Want to try two different clusters sharing same data path (same index). The reason is, one cluster will keep on indexing streaming data. The other cluster will take care of all the searches and aggregations. So if at all the search cluster goes down due to memory hike on heavy aggregations, the data indexing will not get affected .
Tried the same in single server with two nodes. Each nodes has different "cluster.name" values.
Also set the "node.max_local_storage_nodes: 2" and the "path.data" pointing to same path in both the nodes.
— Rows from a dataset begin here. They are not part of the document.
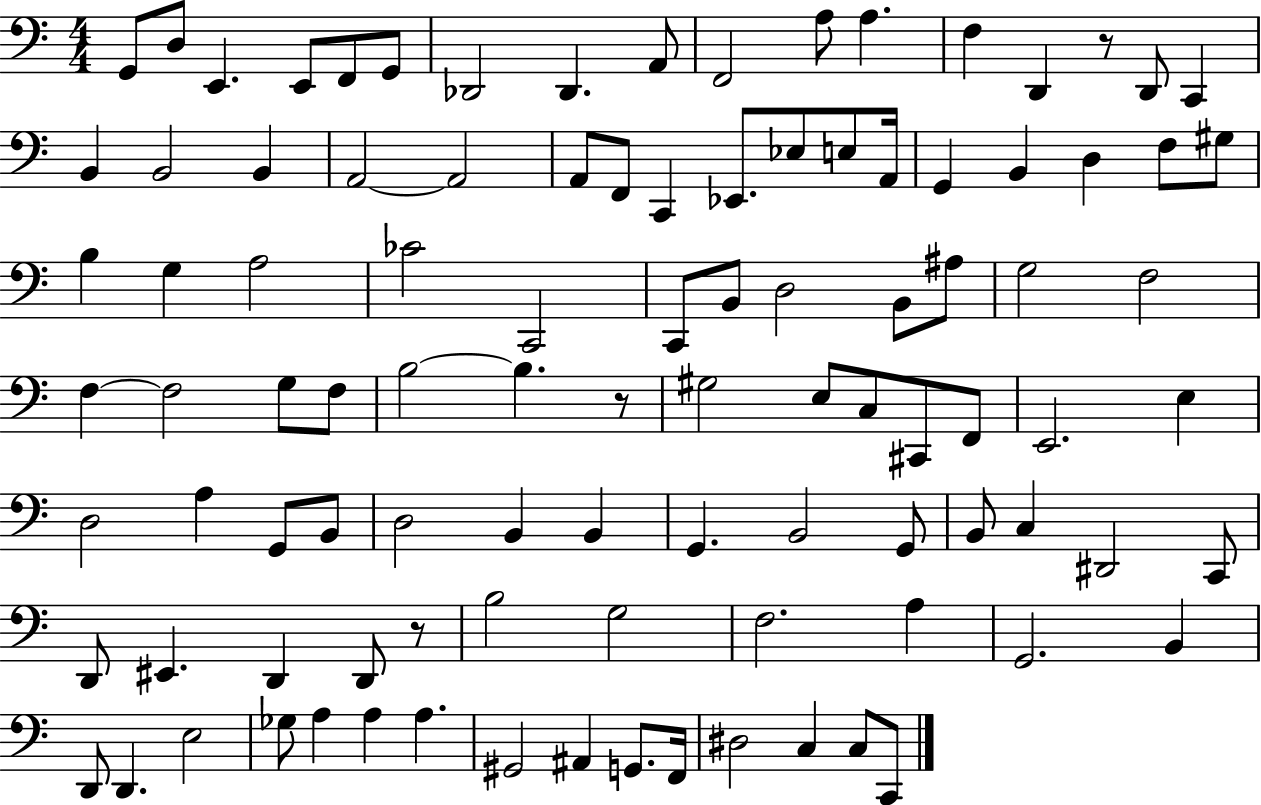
X:1
T:Untitled
M:4/4
L:1/4
K:C
G,,/2 D,/2 E,, E,,/2 F,,/2 G,,/2 _D,,2 _D,, A,,/2 F,,2 A,/2 A, F, D,, z/2 D,,/2 C,, B,, B,,2 B,, A,,2 A,,2 A,,/2 F,,/2 C,, _E,,/2 _E,/2 E,/2 A,,/4 G,, B,, D, F,/2 ^G,/2 B, G, A,2 _C2 C,,2 C,,/2 B,,/2 D,2 B,,/2 ^A,/2 G,2 F,2 F, F,2 G,/2 F,/2 B,2 B, z/2 ^G,2 E,/2 C,/2 ^C,,/2 F,,/2 E,,2 E, D,2 A, G,,/2 B,,/2 D,2 B,, B,, G,, B,,2 G,,/2 B,,/2 C, ^D,,2 C,,/2 D,,/2 ^E,, D,, D,,/2 z/2 B,2 G,2 F,2 A, G,,2 B,, D,,/2 D,, E,2 _G,/2 A, A, A, ^G,,2 ^A,, G,,/2 F,,/4 ^D,2 C, C,/2 C,,/2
But the problem is, the first started node creates a folder "0" inside the configured "path.data". The secondly started node creates folder "1". So obviously the data indexed by first node is not available to the second node. Tried running the second node with "node.data: false". But the problem still persists.
Is this approach possible ? Then what should be configuration so both the nodes will point to same index directory. Is there any other way to handle this scenario other than above mentioned one. ?
You can't really do that. It's better to have 2 real data nodes that belongs to the same cluster.
Then you can redirect your index operation to the first node and you can run the search requests to the second node and use ?preference=_local parameter which will try to execute the search only on local shards.
Thanks for the reply. If we run 2 data nodes in the same cluster, if the search node goes down, the shards hold by that node will be unavailable rt? That is affecting the writing and searching both.
Actually i am facing issue in indexing. I was running the ES cluster in two servers. Around 30,000 data per sec is streaming and indexing continously to the cluster. Meantime there are other batch jobs triggering periodically, like every 10 mins, 30 mins, etc, doing ES search and aggregation operations.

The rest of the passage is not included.